_Goal of the exercise_
Transcribe each line of the material as it is, and drop any picture.
═════ Given data
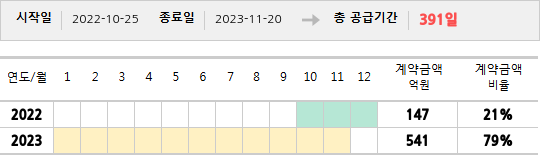 공급계약 기간 및 기간별 추정 계약금액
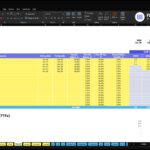 Payroll Expenses spreadsheet for ABC Company Inc., with category rows and salary data across 2026–2030 in a blue header section and yellow-highlighted categories like Designer and Manager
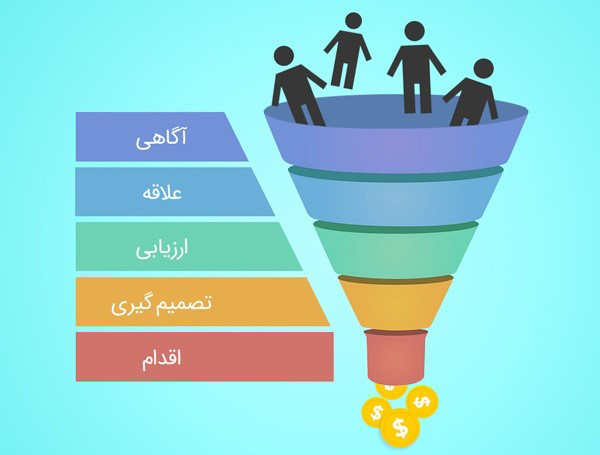 قیف بازاریابی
══════════
_Expected answer_
 공급계약 기간 및 기간별 추정 계약금액
 Payroll Expenses spreadsheet for ABC Company Inc., with category rows and salary data across 2026–2030 in a blue header section and yellow-highlighted categories like Designer and Manager
 قیف بازاریابی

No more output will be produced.